Action item: Whenever a line in the entries below contains "Premium", copy that line.

---------- Provided data

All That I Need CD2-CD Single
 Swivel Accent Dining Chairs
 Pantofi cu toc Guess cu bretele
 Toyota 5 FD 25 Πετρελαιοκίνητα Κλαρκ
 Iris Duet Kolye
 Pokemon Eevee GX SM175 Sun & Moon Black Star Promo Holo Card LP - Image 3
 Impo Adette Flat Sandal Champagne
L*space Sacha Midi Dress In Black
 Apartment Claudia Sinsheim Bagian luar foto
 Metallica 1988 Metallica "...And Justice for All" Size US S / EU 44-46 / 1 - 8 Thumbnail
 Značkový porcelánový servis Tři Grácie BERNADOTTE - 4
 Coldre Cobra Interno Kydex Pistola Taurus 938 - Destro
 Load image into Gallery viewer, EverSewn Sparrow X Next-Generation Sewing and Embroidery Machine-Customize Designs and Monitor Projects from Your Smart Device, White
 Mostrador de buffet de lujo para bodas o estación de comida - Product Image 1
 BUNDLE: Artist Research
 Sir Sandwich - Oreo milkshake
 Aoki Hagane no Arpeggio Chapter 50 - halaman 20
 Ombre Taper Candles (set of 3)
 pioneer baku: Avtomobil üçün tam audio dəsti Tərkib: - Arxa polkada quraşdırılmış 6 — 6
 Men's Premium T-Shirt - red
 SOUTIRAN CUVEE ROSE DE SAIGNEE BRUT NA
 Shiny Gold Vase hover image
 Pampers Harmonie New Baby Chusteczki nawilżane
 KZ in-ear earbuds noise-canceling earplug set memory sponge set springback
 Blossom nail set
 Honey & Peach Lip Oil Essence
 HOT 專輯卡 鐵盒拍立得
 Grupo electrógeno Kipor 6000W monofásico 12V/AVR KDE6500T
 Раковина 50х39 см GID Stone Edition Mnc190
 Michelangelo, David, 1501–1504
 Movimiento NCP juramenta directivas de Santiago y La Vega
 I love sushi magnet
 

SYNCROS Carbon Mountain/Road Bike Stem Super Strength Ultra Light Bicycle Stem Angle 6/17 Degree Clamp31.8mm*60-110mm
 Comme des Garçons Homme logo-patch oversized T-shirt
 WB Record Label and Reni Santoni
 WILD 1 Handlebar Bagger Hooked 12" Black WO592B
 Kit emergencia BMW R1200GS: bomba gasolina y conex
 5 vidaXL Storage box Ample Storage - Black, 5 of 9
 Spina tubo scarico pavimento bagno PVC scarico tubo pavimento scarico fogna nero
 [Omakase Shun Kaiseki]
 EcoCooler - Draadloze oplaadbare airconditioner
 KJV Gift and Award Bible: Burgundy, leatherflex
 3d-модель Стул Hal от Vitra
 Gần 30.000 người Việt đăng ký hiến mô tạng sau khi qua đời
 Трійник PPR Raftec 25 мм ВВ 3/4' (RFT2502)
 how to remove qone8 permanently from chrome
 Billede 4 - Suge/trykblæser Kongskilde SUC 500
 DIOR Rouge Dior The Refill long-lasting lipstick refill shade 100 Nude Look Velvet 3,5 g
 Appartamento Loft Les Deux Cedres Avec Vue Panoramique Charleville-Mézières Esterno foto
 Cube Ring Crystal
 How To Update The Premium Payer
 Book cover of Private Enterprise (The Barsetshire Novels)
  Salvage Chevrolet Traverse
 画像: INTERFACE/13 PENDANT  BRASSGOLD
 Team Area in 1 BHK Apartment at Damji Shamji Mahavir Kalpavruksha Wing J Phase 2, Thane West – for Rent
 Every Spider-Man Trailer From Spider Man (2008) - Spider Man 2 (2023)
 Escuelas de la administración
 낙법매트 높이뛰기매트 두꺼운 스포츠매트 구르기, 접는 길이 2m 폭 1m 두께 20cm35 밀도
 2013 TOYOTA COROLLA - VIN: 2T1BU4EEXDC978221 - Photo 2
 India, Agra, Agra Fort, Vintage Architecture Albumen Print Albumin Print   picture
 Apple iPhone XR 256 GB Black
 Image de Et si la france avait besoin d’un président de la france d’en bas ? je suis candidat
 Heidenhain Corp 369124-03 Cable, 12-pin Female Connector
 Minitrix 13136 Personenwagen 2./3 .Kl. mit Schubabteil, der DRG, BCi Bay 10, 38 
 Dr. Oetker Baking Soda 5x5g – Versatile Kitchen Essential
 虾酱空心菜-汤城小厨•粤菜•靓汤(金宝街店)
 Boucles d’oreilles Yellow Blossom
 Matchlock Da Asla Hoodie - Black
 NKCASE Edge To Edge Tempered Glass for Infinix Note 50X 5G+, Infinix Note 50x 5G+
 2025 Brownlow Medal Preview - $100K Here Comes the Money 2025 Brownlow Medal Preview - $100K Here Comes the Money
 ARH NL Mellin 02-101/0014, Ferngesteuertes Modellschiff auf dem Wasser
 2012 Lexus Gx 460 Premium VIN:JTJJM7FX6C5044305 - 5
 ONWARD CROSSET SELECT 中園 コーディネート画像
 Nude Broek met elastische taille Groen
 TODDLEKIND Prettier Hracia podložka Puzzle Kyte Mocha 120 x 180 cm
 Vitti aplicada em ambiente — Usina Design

--------------------

Answer for this exercise:
 Men's Premium T-Shirt - red
 How To Update The Premium Payer
 2012 Lexus Gx 460 Premium VIN:JTJJM7FX6C5044305 - 5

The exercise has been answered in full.